Fresh out of Denver, my backcountry escape began on Colorado’s Rocky Mountain foothills, just shy of the Wyoming border. A brushy scape of Brokeback Mountain foothills, dotted with grazing cattle and wagon-wheels can only mean one thing: I’m in cowboy country. Sylvan Dale Ranch, located outside the trippily named city of Loveland, is a self-professed paradise of the ‘dude vacation’, and where I saddled up for an afternoon of cowboy dreams. After meeting my stetson–toting wrangler, Lonnie, I was partnered up with ‘Ricochet’, an American Quarter horse with a docile gaze and a creamy palomino pelage.
Then, it was a case of ‘check your previous riding experience at the stables’, as I cantered off across the Big Thompson River ‘riding Western’: one hand on reins, one hand on lasso (or in my case, camera). From the picket-fenced South Fork estate out into a virtual John Wayne screenplay, Ricochet and I trekked across a rocky scrubland of prairie dog burrows and cacti, bonding through a parley of yee-haws and horse-whispering. I had truly been broken in.
As the forest fires in nearby Fort Collins spewed into the heavens, I kept my Wild West theme on track, by venturing cross-state to Grand Junction: Colorado’s final outpost, where the I-70 burned an asphalt thread to Utah and the Great Basin Desert beyond.
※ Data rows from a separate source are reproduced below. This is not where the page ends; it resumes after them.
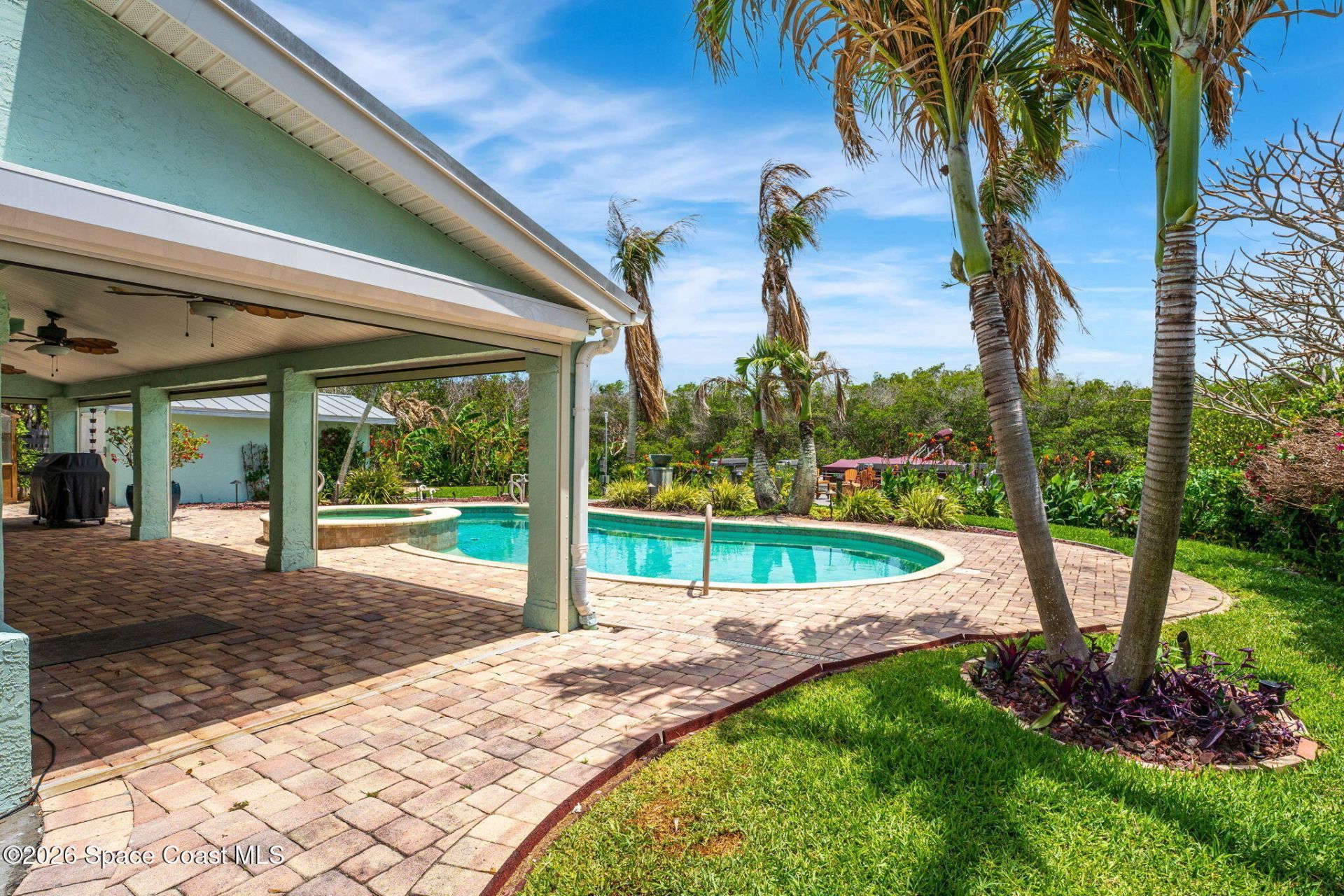 310 Kent Drive , Cocoa Beach, FL 32931 Photo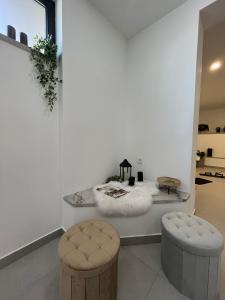 una camera bianca con due sgabelli e un tavolo di Villa MS026, Imotski - Makarska a Poljica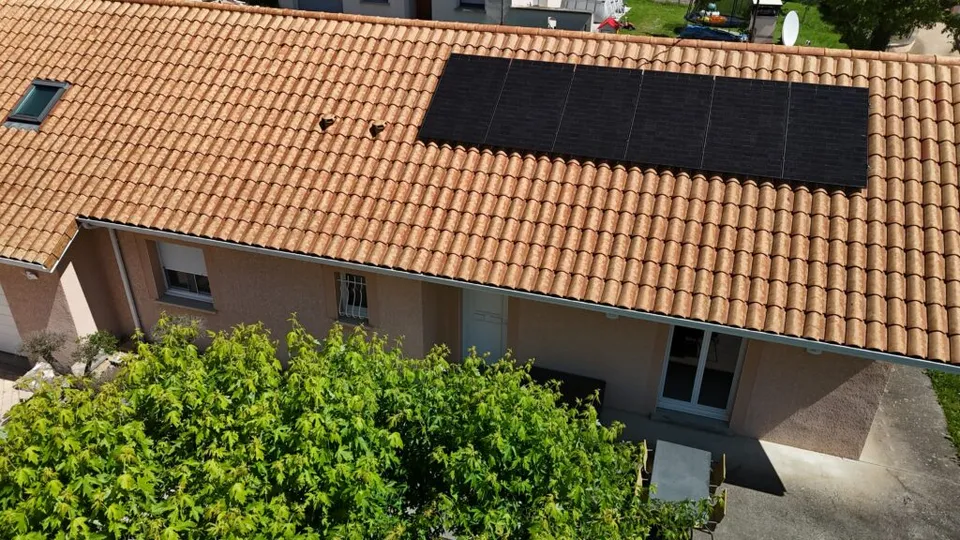 Installation Solaire à Chèzeneuve (38) : Un Projet Photovoltaïque de 3 kWc Clés en Main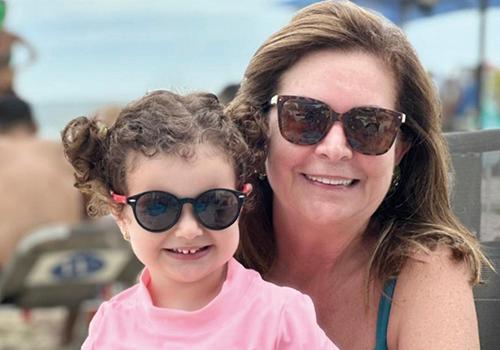 A vovó coruja Marina Cunha e a pequena Antonella se divertindo à beira mar&nbsp;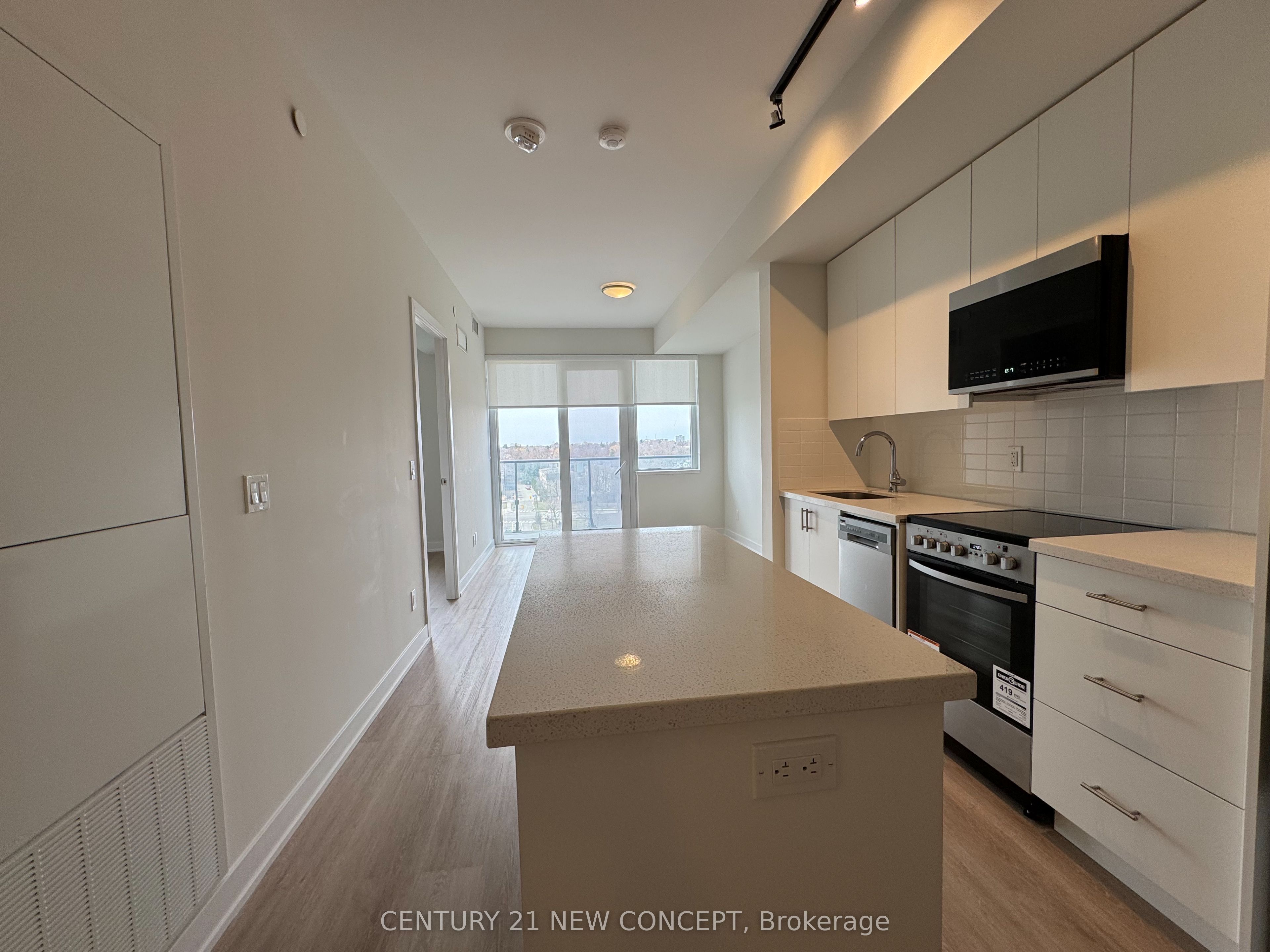 #707 - 15 Ellerslie Avenue Property Photo 17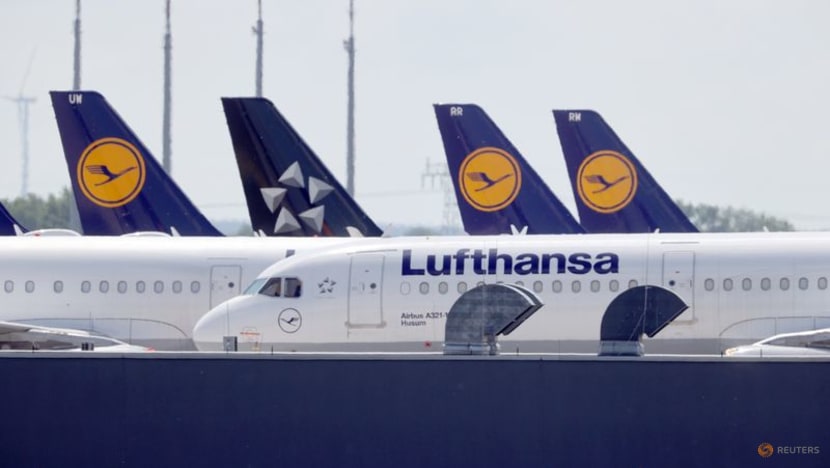 Lufthansa pilots stage strike in wage dispute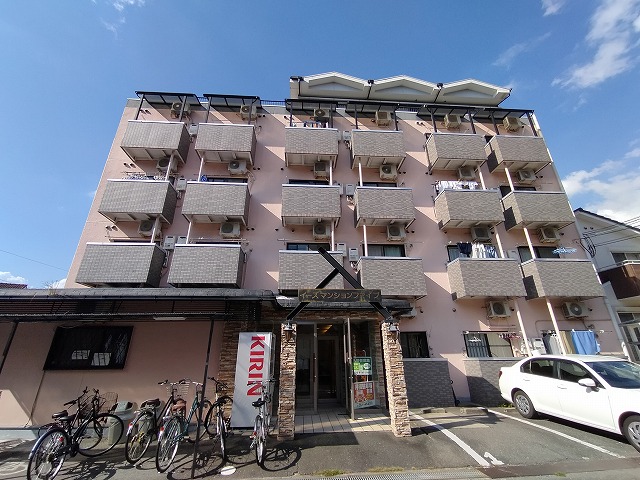 箕面市船場西２丁目の賃貸マンションの外観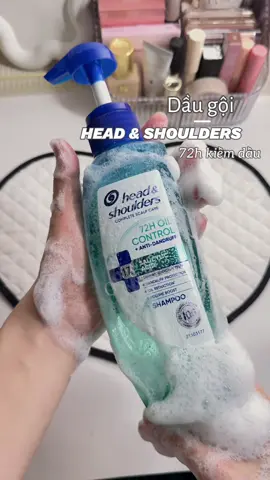 Cải thiện gàu đỡ ngứa thì gọi tên em head& shoulders này thui #tiemnhaleo #daugoi #headshoulders #gomax 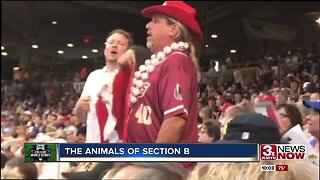 Florida State superfans never stop chanting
The scenery around the remote town was a lunar spectacle. The Grand Mesa – the world’s largest flat-topped mountain – panned across a heat-fizzed horizon, while in the lowland valleys, lush farmlands irrigated by the Colorado River burst with peach groves and winelands.
However, most tourists make their way to Grand Junction, for the Colorado National Monument: a sandstone wilderness of vast plunging valleys and dramatic inselbergs (don’t expect an actual monument here, this is Colorado’s very own Grand Canyon). I rose with the roadrunner to mount the 2000ft mesa by sunrise. Deep in the distance, the iconic siren of the Zephyr Express, enroute from Chicago to San Francisco, offered the only intrusion to an otherwise desolate paradise. Turkey vultures soared and chipmunks and lizards scuttled around me. Thankfully, Colorado’s healthy cougar population were breakfasting elsewhere.
From the sublimely lonesome to the ridiculously wealthy, my Colorado circuit reached its peak in the long-time playground for America’s fabulously wealthy: I’m talking about a little place called Aspen. The historic mining town turned ski-resort has a lazy village feel, with its criss-crossed pattern of red-bricked streets and quaint boutiques, kitted with everything from Armani to Zinc. As I ambled its street-side cafés buzzing with brunching billionaires, I noticed a refreshing lack of pretence to the resort ; perhaps it’s best not to flash your cash in a town where there’s always somebody ready to out-bling you.
To reach the town’s signature Aspen Mountain, I grabbed one of the resort’s swit-swoo gondolas, which boast the world’s first solar-powered iPod deck. Seventeen minutes of cathartic tunes later, it was really only upon reaching the mountain summit that the sheer vastness of the state’s Rocky Mountain range came into view. Amid the infinite ivory capped crests, Tirolean meadows of wild lupins surrounded me, just mere hours after I basked under an amber desert sunrise. Colorado me beautiful, indeed.
Getting there
Aer Lingus (0818 365 000; aerlingus.com) flies from Dublin and Shannon to Denver (via Chicago O’Hare) from €620 return.
Staying there
Sylvandale ranch provide dude vacations and cowgirl roundups from €38pps (001 970 667 3915; www.sylvandale.com). Grand Junction’s Double Tree offers welcome cookies panoramic desert mountain vistas and (001 970 241 8888; www.doubletreegrandjunction.com; €45pps) while Aspen’s historic Jerome is the ultimate apres-mountain refuge (001 970 920 1000; www.hoteljerome.com €188pps).